Not in the slightest. Instead of attempting to improve their public relations like any rational clan might, they cranked their holier-than-thou attitude up to eleven.

It was like they were that kid in school who knows everyone finds them annoying but just doubles down on the obnoxiousness out of sheer spite.

“You don’t like me? Well, watch me be even more irritating!”

And as if that wasn’t enough, the radicals in the Uchiha clan thought, “You know what would really fix this mess? A coup! Yeah, let’s take over the village!” Because, obviously, the solution to being widely disliked was to become even more disliked.

Great plan, guys. Really. Except for the part where, you know, nobody liked them.

The other ninja clans thought they were as humble as a peacock at a fashion show, the villagers loathed getting parking tickets from them, and even the other Hokage hopefuls were like,

“Eh, we’ll pass.” No one wanted to back a team of ninjas who considered themselves too good for ramen.

If they had actually managed to overthrow the Konoha regime, who would’ve supported them? The street vendors they busted? The petty thieves they tossed in jail like expired leftovers?

Even the ramen guy would probably look at them and say, “Sorry, but I’m team Sarutobi.” He’d rather serve noodles to the village’s beloved grandpa than get tangled up in Uchiha drama.

Mi Blade didn’t share these harsh truths with Naika, though. She was just a kid, blissfully unaware of her clan’s bizarre mix of superiority and impending doom.

Let her enjoy her innocent days, free from the worry of her clan’s ridiculous antics. After all, she didn’t need to know that her family tree was a precariously balanced house of cards, ready to topple at any moment.

Let her dream of unlocking her Sharingan while believing that one day, maybe, she’d be serving ramen to adoring fans instead of dealing with her clan’s looming mess.

As for Mi Blade, he didn’t really care about the Uchiha clan drama.
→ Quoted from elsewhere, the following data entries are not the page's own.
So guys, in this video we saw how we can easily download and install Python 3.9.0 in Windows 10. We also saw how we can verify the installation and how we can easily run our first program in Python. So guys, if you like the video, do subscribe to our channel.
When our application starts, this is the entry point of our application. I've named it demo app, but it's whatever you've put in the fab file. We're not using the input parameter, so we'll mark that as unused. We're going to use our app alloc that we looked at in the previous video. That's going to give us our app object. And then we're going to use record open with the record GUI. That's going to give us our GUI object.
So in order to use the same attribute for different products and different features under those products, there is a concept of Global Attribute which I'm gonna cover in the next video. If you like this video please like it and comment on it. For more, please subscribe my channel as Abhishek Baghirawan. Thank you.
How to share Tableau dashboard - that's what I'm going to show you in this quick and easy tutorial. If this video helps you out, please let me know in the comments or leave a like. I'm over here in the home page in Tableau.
Sure, his mom hailed from their ranks, but that didn’t mean he had to dive headfirst into their melodrama.

The Uchiha were basically a clan of highly trained, superpowered drama queens who couldn’t see past their own egos, like a reality TV show waiting to happen.

After a long day of training (and lecturing Naika about why her clan was a hot mess), Mi Blade decided it was time to indulge in some much-needed ramen therapy.
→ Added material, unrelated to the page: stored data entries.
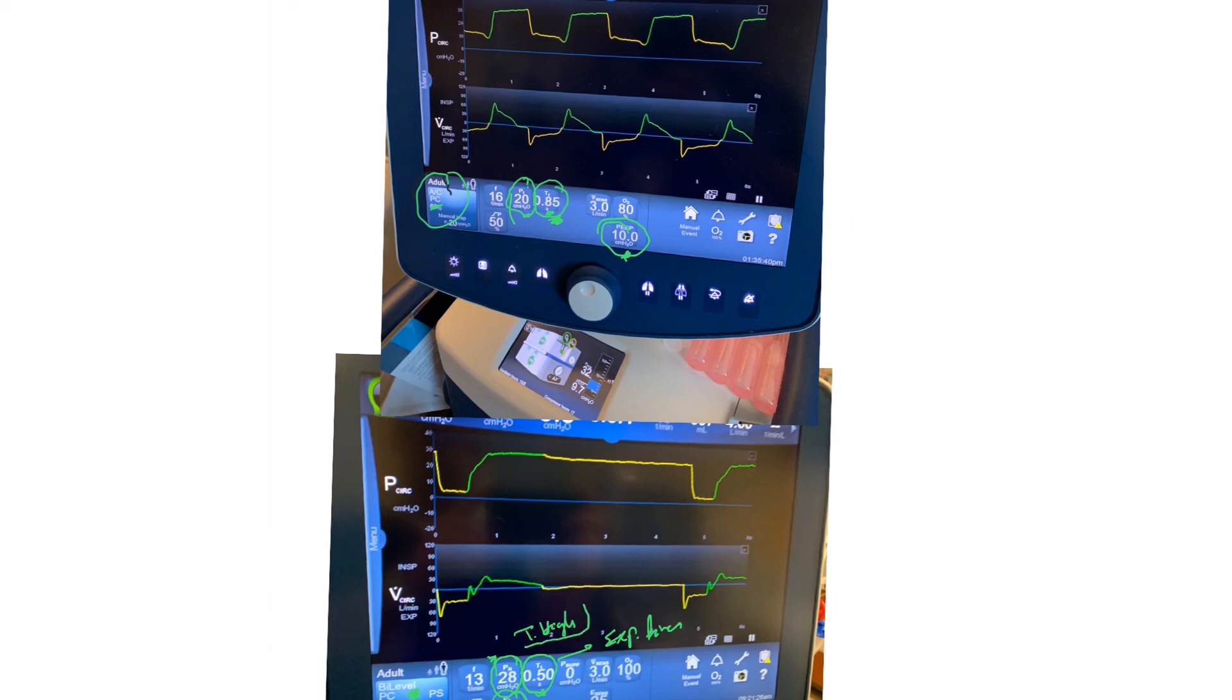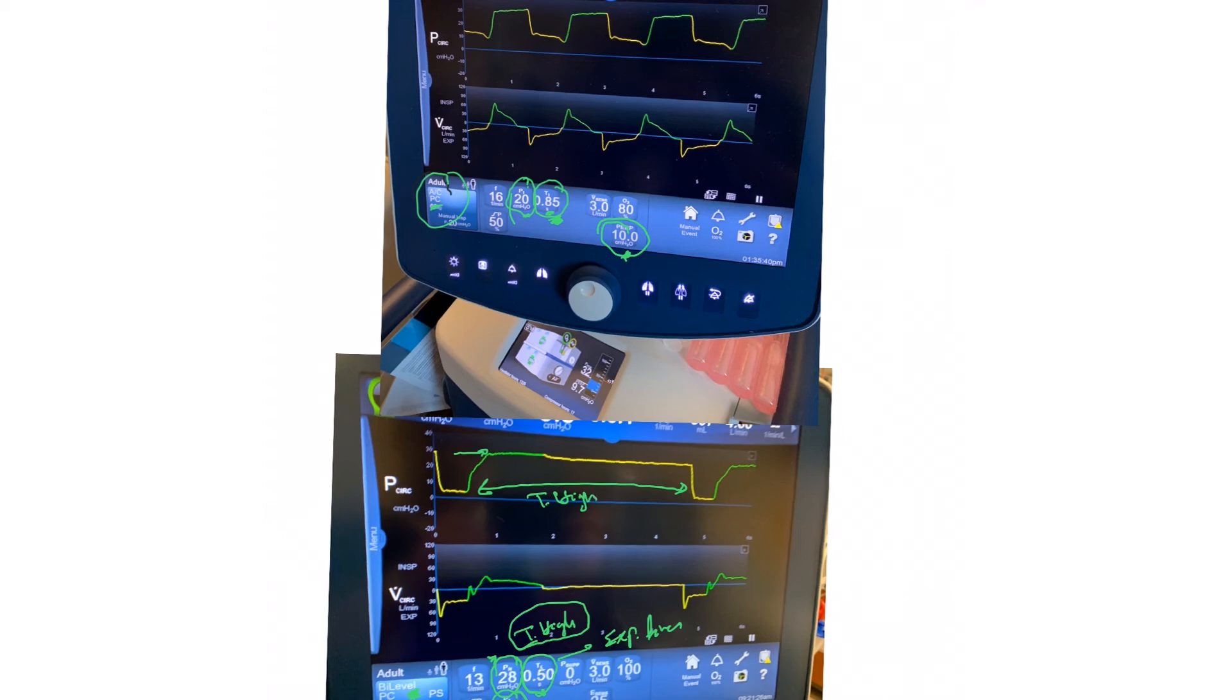The ventilator will keep this pressure high—the 28 here—for a specific period of time called T high. See this? This is the T high. We're keeping this pressure for this period of time, that's called T high. Then we release the valve to drop the pressure to drop to the P low or the PEEP.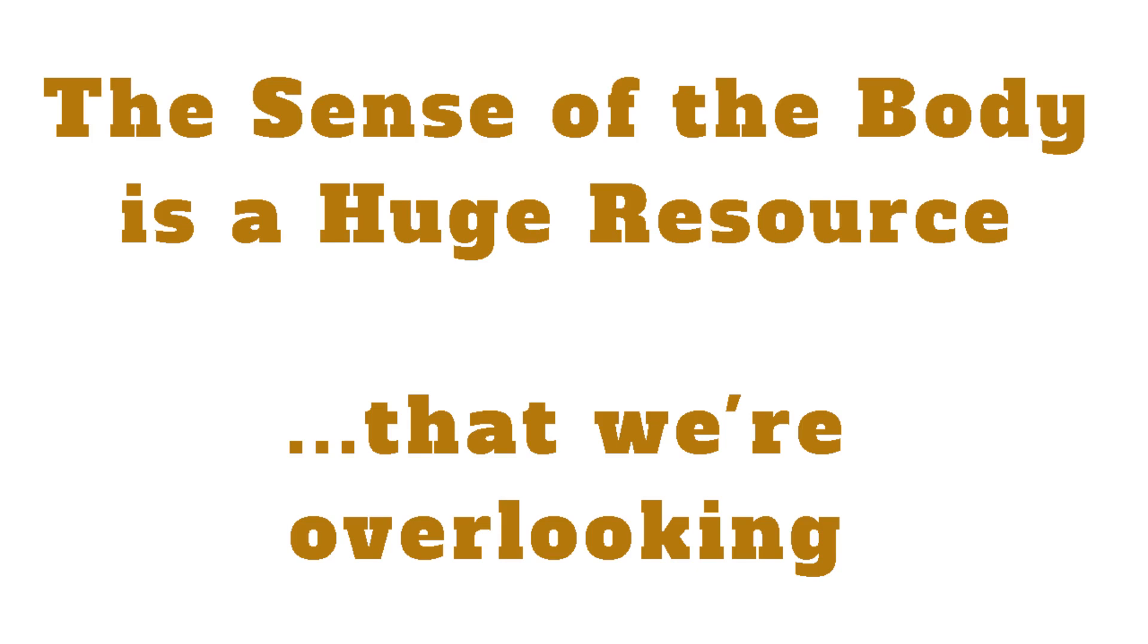Number two: thinking, discrete narratives that forge themselves in our minds. Number three: feeling, distinct human emotions that flavor our lives. Number four: the sense of the body, a raw, usually vague sensation.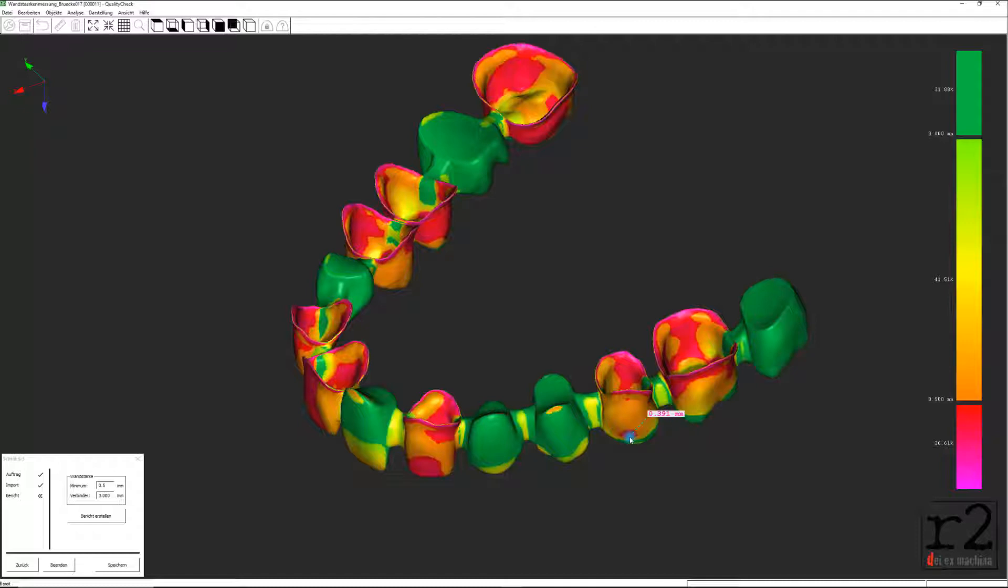Im ersten Teil zu dieser Anleitungsreihe haben wir die Analyse- und Messfunktion von Scan- und Modelloberflächen kennengelernt und die einzelnen Funktionen hierzu näher beleuchtet. Der zweite Teil dieser Reihe befasste sich mit der Funktion, Hinterschnitte an Topografien zu analysieren und zu messen.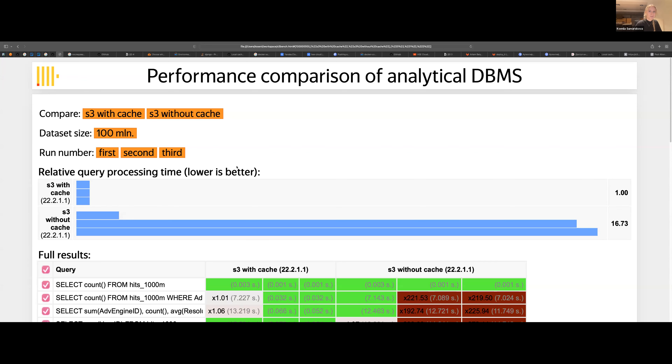Xenia presents a local cache for remote file systems, coming in the next release (not 22.2). It's currently implemented for S3. As you know, ClickHouse can store data on local filesystem, S3, HDFS, and Azure Blob Storage. Now there's a local cache for those file systems, available from the next release.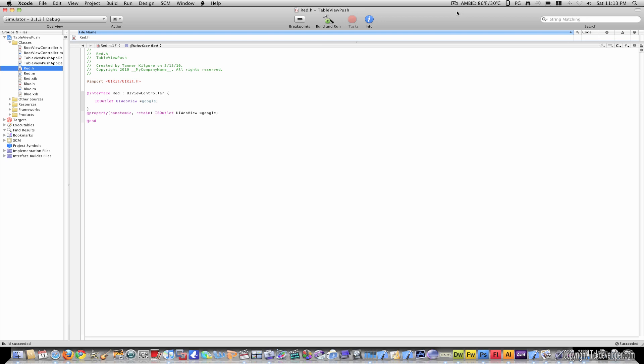Hey guys, today I'm going to teach you how to make a webpage appear when you tap a cell. This is useful if you want to go to Google when you tap a cell, or your website, or wherever you want to go on the web.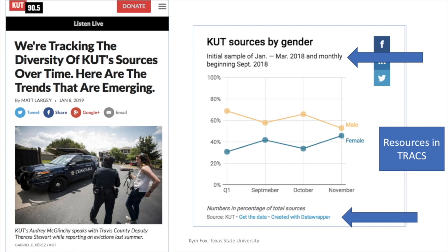When they revisited the numbers in the latter part of the year, because they had brought awareness to the issue, they found their numbers were much closer to what we might think of as content or community parity. So the numbers were much closer.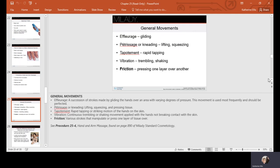We've got our general movements of massage that we use: effleurage, which is gliding; petrissage, kneading or lifting or squeezing; tapotement, rapid tapping; vibration, trembling or shaking; and friction, pressing one layer over another. Just like we incorporate these into a facial, they can be used on the arms, legs, feet, and hands.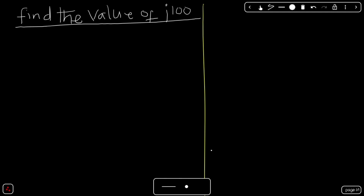In this video, we are going to find the shortest way to find the value of a complex number raised to any exponent or any power. For instance, you've been asked to find the value of i raised to the power of 100.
Uchiha Yu was busy preparing to join the Konoha Security Team, leaving Naika unsupervised, which meant only one thing: ramen was calling his name.

Once he filled up on steaming bowls of noodles and broth that could probably fix any emotional turmoil, Mi Blade waved goodbye to Naika, assuring her she wouldn’t turn into a puddle of anxiety without him hovering around.

As he wandered through the bustling streets of Konoha, he couldn’t help but wonder:

“Where the heck is Orochimaru these days? And why hasn’t he dropped by the Hatake house for tea in ages?” Maybe he was too busy plotting world domination—or perhaps he was just preoccupied with perfecting his snake-themed tea set.

Just another day in the village, really.

Meanwhile, Kakashi was doing his usual thing: training like a machine by day and moonlighting as a romantic disaster by night.

Now, Rin, bless her simple heart, admired Kakashi but also thought Obito had some serious qualities.

Thus, the love triangle remained stuck in a wobbly balance, like three people trying to sit on a bench clearly built for two. Every shift of weight threatened to send them all tumbling off in a dramatic flail.